Recente pesquisa da McKinsey apontou que, até 2030, o tempo gasto com o uso de habilidades tecnológicas avançadas no ambiente de trabalho aumentará em 50% nos Estados Unidos e em 41% na Europa. Embora não haja dados referentes ao Brasil, a expectativa é de que o país também viva um crescimento exponencial nesse sentido. O estimado é que aproximadamente 70% das empresas em todo o mundo irão adotar ao menos um tipo de aplicação em TI, nesse período, o que pode ocorrer em diferentes níveis de absorção da tecnologia, algumas mais, outras menos.

“A automação nas empresas é uma realidade, interfere positivamente nos custos de produção ao reduzir o desperdício de matéria-prima e gerenciar o tempo de fabricação de produtos”, afirma Josemar Monteiro Silva, coordenador adjunto de computação na ETEP.

Impactos na formação
Baseado nesse cenário, o especialista explica que os profissionais do futuro não serão robôs. Muito pelo contrário: vão unir competências técnicas e sociais para desenvolver atividades muito mais criativas e elaboradas. “Com a introdução da educação digital com os microcomputadores há uma estimativa de criar 19 milhões de empregos, seja na indústria de informática ou em outras. Estima-se também que 65% das crianças que estão no ensino primário hoje, trabalharão em profissões/ocupações que ainda não existem. Por isso, devemos preparar essas pessoas para trabalhar nessas ocupações, manipular tecnologias que não foram desenvolvidas e resolver problemas que ainda não existem”, afirma o coordenador.

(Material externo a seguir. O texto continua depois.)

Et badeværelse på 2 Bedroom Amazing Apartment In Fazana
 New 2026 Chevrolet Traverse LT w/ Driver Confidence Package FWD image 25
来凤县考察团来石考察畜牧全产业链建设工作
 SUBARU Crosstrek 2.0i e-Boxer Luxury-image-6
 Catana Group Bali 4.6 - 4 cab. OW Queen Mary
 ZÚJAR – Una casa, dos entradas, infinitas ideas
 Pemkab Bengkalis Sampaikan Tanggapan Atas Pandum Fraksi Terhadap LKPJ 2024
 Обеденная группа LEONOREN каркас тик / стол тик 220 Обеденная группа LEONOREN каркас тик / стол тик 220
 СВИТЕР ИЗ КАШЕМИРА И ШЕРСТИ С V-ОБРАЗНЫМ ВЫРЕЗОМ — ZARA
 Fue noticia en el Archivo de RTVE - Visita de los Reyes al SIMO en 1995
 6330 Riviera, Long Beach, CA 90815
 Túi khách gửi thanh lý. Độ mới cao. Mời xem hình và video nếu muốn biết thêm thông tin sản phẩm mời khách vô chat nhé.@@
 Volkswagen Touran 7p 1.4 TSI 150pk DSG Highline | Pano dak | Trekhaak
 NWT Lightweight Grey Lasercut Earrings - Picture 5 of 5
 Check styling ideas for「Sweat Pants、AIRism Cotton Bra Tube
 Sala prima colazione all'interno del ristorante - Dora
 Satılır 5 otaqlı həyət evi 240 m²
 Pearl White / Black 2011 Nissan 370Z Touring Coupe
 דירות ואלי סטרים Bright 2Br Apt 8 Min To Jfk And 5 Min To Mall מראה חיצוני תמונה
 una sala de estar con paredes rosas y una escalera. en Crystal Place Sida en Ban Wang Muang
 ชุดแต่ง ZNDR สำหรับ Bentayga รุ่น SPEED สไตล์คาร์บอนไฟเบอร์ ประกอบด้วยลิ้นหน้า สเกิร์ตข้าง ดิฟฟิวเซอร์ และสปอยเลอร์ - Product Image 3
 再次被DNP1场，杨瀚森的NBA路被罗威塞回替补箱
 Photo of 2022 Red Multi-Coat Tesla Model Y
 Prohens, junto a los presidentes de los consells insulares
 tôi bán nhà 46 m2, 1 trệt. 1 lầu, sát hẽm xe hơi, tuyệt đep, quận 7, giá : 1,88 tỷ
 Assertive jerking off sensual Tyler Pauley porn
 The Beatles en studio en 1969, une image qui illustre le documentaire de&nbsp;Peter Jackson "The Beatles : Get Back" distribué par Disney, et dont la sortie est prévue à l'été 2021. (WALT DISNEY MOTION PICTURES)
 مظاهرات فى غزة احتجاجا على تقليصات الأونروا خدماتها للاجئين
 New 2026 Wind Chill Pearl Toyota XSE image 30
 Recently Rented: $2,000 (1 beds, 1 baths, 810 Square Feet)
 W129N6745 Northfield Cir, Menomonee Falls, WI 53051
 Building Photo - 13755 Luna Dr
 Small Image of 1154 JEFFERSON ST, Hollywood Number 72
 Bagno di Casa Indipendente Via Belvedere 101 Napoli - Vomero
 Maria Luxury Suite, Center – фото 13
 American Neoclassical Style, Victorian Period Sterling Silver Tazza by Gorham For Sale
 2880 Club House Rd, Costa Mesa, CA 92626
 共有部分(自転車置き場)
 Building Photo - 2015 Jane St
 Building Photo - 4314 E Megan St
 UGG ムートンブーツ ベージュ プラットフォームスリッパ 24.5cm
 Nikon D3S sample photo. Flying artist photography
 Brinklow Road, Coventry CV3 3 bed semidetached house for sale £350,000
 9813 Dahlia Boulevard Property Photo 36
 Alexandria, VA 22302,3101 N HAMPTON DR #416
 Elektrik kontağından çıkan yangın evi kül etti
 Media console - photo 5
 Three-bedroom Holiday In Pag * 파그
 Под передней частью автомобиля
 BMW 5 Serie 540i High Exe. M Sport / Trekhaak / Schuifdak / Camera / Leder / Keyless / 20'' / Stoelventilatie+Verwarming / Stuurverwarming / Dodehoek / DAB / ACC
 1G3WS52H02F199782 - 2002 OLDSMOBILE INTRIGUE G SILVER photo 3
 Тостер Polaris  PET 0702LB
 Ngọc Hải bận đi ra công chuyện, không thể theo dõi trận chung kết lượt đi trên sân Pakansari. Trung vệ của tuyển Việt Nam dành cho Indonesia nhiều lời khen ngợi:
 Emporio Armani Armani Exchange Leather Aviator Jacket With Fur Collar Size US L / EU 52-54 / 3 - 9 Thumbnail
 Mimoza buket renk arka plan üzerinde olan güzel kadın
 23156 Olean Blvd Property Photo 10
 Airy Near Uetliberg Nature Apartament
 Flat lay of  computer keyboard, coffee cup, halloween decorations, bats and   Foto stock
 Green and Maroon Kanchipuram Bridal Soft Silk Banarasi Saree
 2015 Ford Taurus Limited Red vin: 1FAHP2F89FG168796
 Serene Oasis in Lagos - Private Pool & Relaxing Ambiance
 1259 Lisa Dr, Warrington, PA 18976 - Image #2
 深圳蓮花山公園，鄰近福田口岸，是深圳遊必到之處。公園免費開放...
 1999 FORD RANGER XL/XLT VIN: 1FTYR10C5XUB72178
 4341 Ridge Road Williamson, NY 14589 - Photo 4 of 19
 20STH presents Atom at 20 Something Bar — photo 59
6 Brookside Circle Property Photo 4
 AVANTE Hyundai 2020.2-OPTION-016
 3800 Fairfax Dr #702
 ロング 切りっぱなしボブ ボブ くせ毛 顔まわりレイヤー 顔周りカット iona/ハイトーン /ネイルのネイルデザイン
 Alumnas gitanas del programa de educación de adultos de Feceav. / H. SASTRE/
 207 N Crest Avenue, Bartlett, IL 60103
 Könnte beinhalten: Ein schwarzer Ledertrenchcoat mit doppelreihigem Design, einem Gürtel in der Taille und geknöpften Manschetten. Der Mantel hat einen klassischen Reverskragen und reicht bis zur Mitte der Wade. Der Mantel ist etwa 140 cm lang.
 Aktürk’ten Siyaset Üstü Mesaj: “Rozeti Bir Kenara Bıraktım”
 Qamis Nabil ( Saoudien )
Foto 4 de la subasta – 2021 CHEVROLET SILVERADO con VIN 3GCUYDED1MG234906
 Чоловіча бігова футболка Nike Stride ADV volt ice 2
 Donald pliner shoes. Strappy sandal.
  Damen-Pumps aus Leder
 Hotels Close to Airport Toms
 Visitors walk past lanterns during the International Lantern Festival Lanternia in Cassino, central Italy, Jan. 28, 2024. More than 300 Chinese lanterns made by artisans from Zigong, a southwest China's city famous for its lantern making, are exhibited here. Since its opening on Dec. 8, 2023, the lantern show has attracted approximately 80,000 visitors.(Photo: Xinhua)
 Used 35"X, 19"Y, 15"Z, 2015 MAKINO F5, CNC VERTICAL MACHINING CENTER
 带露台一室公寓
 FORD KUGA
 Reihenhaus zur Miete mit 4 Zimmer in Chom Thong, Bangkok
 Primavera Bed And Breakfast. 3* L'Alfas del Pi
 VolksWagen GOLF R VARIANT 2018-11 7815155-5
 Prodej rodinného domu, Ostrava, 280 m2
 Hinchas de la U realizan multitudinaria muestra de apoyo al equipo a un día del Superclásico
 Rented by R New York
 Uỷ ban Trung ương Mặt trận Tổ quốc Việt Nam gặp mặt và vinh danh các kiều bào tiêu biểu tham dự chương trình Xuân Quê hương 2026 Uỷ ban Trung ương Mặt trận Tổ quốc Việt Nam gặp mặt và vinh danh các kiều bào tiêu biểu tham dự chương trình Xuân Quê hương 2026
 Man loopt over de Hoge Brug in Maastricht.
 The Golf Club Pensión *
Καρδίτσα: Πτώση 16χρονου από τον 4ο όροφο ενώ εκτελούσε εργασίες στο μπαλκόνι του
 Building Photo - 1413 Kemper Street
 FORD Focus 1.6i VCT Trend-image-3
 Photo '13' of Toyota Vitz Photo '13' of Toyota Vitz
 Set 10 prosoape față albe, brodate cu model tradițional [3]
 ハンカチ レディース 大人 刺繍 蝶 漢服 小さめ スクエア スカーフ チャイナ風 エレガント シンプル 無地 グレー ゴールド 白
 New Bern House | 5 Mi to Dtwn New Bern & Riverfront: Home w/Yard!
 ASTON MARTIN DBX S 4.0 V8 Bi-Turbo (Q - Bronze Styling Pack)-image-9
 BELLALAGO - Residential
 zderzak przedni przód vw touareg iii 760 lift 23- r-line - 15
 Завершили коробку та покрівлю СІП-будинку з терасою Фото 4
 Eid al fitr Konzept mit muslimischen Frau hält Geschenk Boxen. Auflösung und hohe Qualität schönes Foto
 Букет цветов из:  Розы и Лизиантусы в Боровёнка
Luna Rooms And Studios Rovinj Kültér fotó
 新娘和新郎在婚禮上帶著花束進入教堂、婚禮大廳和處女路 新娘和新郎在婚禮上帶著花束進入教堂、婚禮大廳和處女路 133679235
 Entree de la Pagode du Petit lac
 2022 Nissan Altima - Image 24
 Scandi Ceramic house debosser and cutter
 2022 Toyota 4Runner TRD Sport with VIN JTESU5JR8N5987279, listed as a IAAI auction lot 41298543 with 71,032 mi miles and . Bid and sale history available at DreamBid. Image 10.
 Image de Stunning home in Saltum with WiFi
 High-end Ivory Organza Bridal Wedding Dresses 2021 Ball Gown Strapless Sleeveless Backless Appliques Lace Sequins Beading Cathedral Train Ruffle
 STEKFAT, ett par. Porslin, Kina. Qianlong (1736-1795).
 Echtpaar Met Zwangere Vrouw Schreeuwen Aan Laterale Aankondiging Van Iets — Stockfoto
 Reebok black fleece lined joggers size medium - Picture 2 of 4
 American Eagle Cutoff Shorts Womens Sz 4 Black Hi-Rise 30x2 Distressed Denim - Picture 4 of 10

Para o especialista, além da destreza com a tecnologia, habilidades cognitivas como criatividade, tomada de decisão, pensamento crítico e perfil analítico serão fundamentais para o profissional que quer se destacar no mercado. Habilidades emocionais como a empatia, também fazem parte do rol de características que as empresas mais têm buscado.

Sobre a ETEP
Idealizado em 1956, a ETEP é uma das principais referências em ensino com foco em formar profissionais capacitados para atender às demandas do mercado de trabalho. O Centro Universitário ETEP é também reconhecido pela excelência por meio dos resultados obtidos nas avaliações do MEC. A instituição mantém unidades no Vale do Paraíba, São Paulo e Lisboa oferece cursos de graduação, pós-graduação e técnicos.
  
A ETEP baseia seu modelo de ensino nas metodologias ativas, nas quais os alunos aplicam o conhecimento adquirido na realização de projetos e trabalhos práticos e começam a vivenciar já na faculdade a realidade profissional. Entre as ações e investimentos realizados para a implementação da metodologia está a criação do Espaço de Projetos, o primeiro laboratório da faculdade para a fabricação de protótipos criados pelos alunos, sempre com foco na formação de profissionais altamente qualificados para atender às demandas do mercado.